Pemerintah Provinsi Sumatra Barat (Sumbar) memiliki sembilan badan usaha milik daerah (BUMD), yaitu PT Bank Pembangunan Daerah (Bank Nagari), PT Asuransi Bangun Askrida, PT Grafika Jaya Sumbar, PT Dinamika Sumbar Jaya, PT Andalas Tuah Sakato, PT Pembangunan Sumbar, PT Andalas Rekasindo Pratama, PT Balairung Citrajaya Sumbar, dan PT Jamkrida Sumbar. Dari sembilan BUMD Sumbar tersebut hanya PT Andalas Tuah Sakato yang fokus kebidang pertanian. Padahal, sejauh ini sektor pertanian masih tercatat sebagai kontributor terbesar dalam struktur Pendapatan Domestik Regional Bruto (PDRB). Hal itu berbarengan dengan fakta bahwa pekerjaan masyarakat di Sumbar rata-rata petani.
Selama ini masyarakat yang berprofesi sebagai petani sering mengeluh tentang fluktuasi harga panen mereka, khususnya komoditas ekspor, yang belum berpihak kepada meraka. Harga komoditas ekspor ditentukan oleh pasar dunia. Harga ini tidak bisa diintervensi oleh pemerintah atau pihak lain di dalam negeri. Jika ini dibiarkan, nasib petani akan tetap tidak berkejelasan.
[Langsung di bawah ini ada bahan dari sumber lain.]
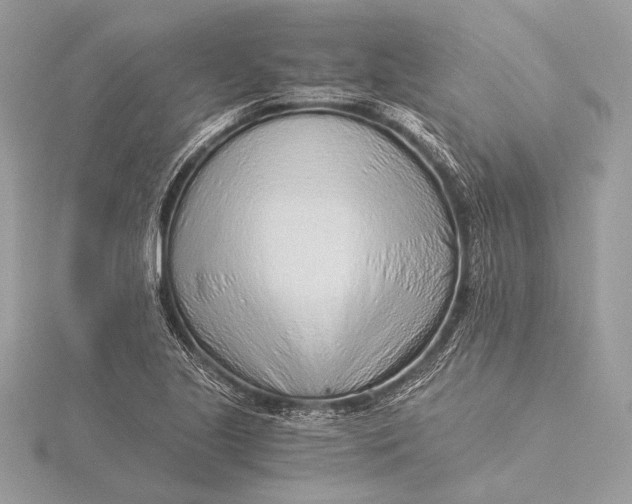 X0000115821221200912041620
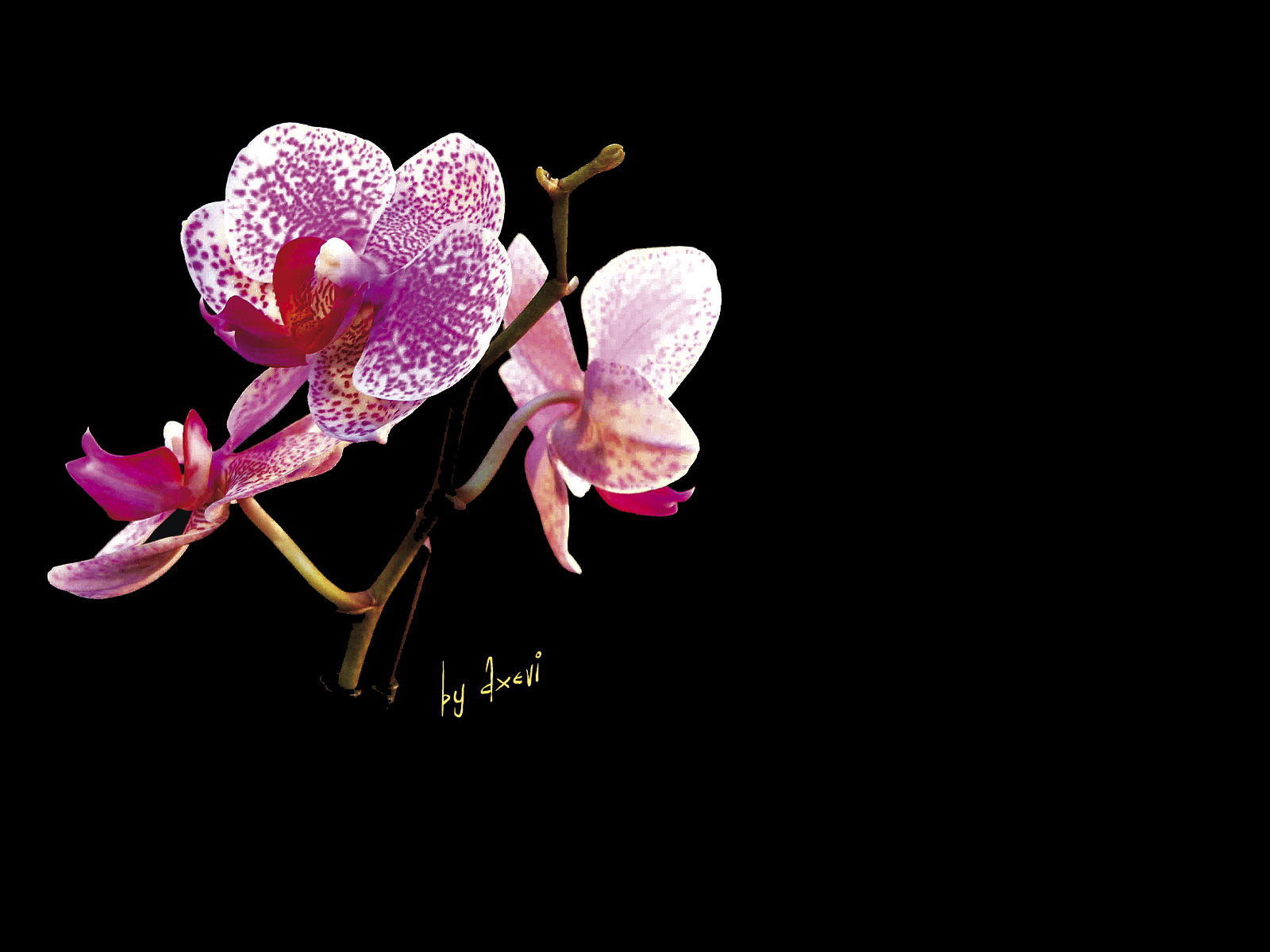 fond d'ecran gratuit orchidee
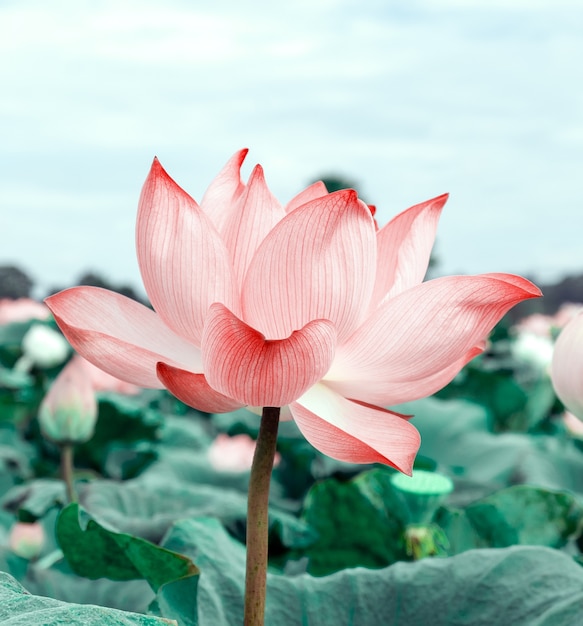 Fleurs de lotus dans la piscine. Fleurs de lotus roses qui fleurissent le matin lumineux. Concept de la nature pour le fond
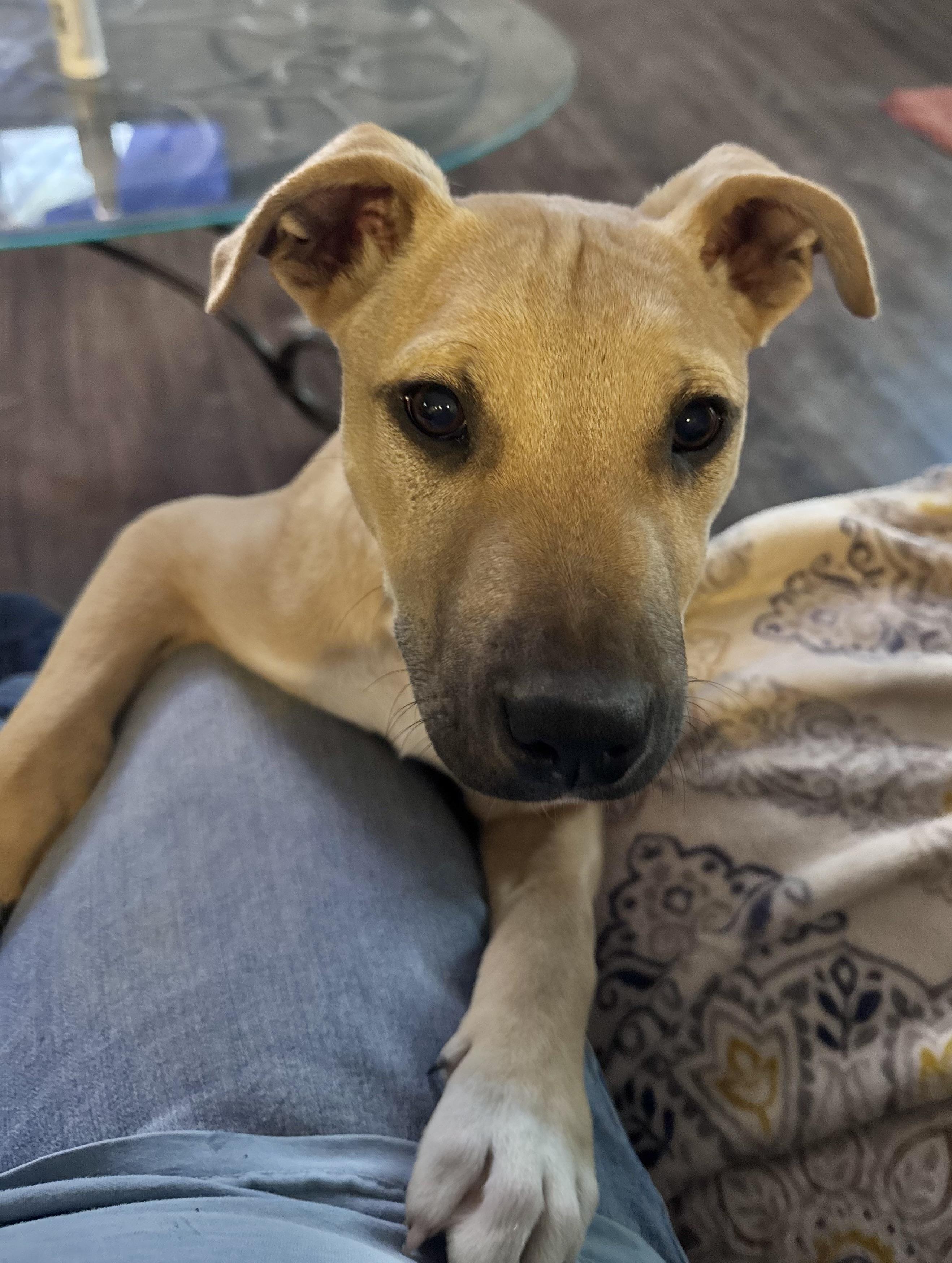 Enlarge Mick (Jagger), a Adoptable mixed breed in Monroe, NC image 2/4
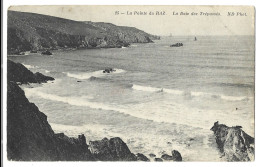 29  Pointe Du Raz -  La Baie Des Trepasses - Sonstige & Ohne Zuordnung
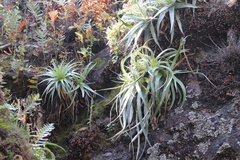 Hechtia
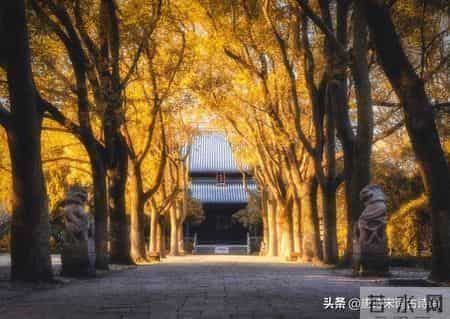 8首寒衣诗词：唯爱与温暖，不可辜负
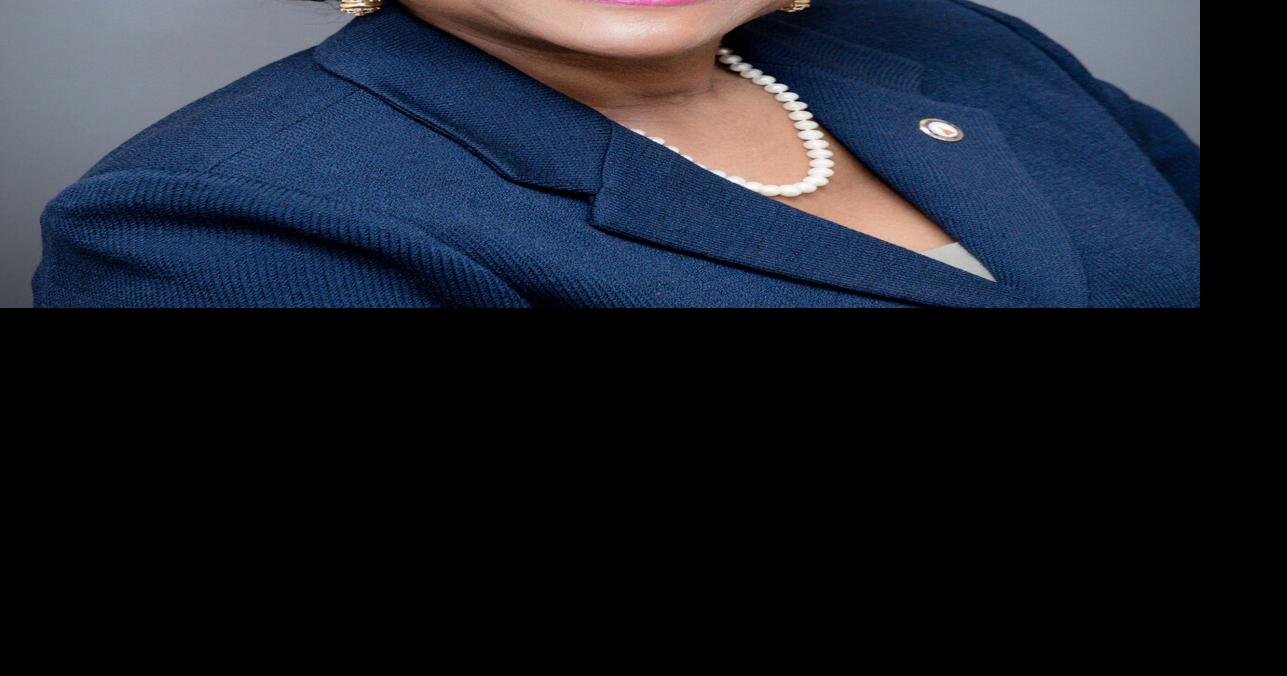 Former state representative pleads guilty to unemployment fraud | News ...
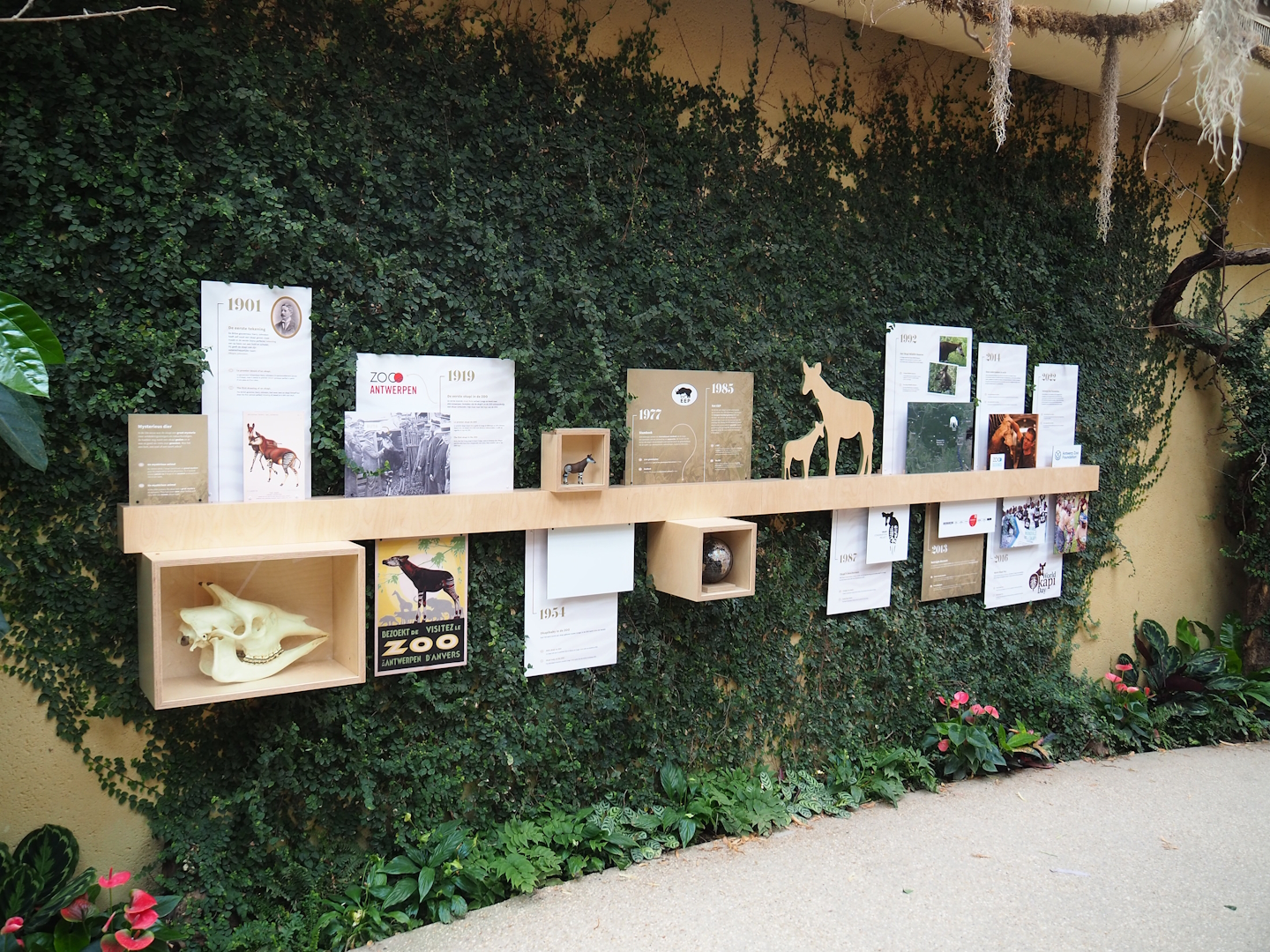 Okapi timeline educational signage, 2022-07-10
Keluhan-keluhan yang seperti itu tidak akan pernah dipikirkan oleh perusahaan swasta karena mereka hanya memikirkan laba yang mesti dicapai dan kerugian yang harus diminimalisir. Sebab itulah kita butuh peran pemerintah dalam menangani permasalahan fluktuasi komoditas panen pertanian ini karena hanya pemerintahlah institusi yang bertugas mendengarkan keluhan dari masyarakatnya.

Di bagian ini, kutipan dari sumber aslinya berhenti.